Top-level operator definitions are interpreted as nested LET-IN expressions, such that a module in the form:

def d1 = e1
...
def dn = en

is interpreted by the type system as:

def d1 = e1 { ... { def dn = en } }

For LET-IN expressions, the visitor generates constraints for the operator's body expression. Then, it solves that constraint (that conceptually carries all the context's constraints with it), which yields a substitution, apply that substitution to the context and generate constraints for the result expression.

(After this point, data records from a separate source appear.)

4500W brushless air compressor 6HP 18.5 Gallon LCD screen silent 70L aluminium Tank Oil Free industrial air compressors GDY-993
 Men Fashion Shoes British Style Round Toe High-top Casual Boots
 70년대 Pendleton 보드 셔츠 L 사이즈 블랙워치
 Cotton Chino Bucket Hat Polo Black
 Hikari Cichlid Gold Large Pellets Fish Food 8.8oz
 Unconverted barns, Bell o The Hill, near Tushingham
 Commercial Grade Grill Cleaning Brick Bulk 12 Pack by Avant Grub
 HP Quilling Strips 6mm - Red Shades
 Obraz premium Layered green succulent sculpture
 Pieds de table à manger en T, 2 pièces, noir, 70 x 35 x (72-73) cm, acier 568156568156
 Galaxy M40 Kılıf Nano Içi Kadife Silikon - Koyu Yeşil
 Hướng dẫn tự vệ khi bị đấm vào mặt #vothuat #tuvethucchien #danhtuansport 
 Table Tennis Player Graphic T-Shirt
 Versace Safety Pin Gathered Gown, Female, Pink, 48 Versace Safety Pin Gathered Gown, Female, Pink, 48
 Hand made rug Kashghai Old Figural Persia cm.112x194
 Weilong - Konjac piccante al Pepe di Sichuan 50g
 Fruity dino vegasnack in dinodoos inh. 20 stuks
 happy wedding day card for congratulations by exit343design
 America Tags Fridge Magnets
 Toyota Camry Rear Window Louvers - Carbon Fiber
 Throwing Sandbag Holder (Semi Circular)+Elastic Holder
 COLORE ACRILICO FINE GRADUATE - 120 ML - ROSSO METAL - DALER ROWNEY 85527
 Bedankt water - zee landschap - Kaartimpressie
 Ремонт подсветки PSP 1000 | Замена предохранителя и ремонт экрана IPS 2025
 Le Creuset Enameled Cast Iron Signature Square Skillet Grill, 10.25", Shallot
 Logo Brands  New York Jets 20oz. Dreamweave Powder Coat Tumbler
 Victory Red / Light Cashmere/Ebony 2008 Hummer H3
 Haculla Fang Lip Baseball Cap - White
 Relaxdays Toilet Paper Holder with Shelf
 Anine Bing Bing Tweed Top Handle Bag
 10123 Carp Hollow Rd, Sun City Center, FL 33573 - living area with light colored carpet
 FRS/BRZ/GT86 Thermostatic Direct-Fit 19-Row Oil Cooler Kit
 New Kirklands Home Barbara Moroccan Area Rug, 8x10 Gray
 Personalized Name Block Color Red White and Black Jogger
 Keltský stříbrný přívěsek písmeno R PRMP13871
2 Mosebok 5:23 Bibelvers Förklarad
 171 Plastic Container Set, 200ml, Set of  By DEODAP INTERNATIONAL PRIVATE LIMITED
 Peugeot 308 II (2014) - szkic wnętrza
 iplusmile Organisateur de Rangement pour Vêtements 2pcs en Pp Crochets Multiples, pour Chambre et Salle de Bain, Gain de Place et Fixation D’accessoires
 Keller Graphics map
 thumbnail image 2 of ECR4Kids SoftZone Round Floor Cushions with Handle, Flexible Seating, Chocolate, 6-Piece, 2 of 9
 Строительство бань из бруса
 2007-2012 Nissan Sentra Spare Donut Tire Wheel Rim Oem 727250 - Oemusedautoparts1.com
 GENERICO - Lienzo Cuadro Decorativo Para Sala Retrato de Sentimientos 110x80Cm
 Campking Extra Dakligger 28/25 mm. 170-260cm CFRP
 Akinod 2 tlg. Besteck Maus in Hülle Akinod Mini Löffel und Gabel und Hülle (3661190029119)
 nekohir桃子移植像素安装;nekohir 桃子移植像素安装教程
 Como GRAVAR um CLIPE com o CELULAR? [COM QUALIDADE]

  Γ ⊢ e1: (t1, c1)    s = solve(c1)   s(Γ ∪ {n: t1}) ⊢ e2: (t2, c2)
------------------------------------------------------------------------ (LET)
              Γ ⊢ val n = e1 { e2 }: (t2, s(c1 ∧ c2))

Whenever we fetch a type scheme from the context, any quantified variables are replaced with fresh type variables. The class state is used to track free type variables in the context, and operator signatures always assume quantification of all names that are not free in the context.

Additional requirements

  1. Type annotations should be added as constraints, and the type system should be able to identify which annotations couldn't have its constraint satisfied. This can be done by adding an optional source id to the constraint interface.
  2. Quint has some multiple arity operators such as actionAnd and match. Signatures for these operators are parametrized over the number of arguments, but some of them have restrictions over how many arguments it can receive. For example, match require an odd number of arguments, while record requires an even one. The signature provider needs to check the requested arity against these restrictions before generating a signature.
  3. Unification involving type aliases requires collecting and resolving the type which is aliased beforehand, and adding the alias to our context. This is opposed to only replacing aliases with their types in a preprocessing step, which would make it impossible for the type checker to use the alias names when reporting errors, and lead to confusing error messages for the end user.
  4. As recursion is not allowed, we should detect recursion in operator, lambda, and let-in definitions to report them as unsupported. This should be a simple occurs check of the operator's name in its body.

Implementation Plan

  1. Write a type parser using the already defined grammar;
  2. Define type signatures for built-in operators;
  3. Write a constraint solver with a simple unification algorithm;
  4. Write a constraint generator according to the rules specified in this ADR;
  5. Take care of the 4 additional requirements previously defined;
  6. Integrate type checking and type inference into the VSCode plugin;
  7. Look for generalization opportunities between the effect system and the type system. Candidate may include substitution-related functions and types, and variable binding (occurs check).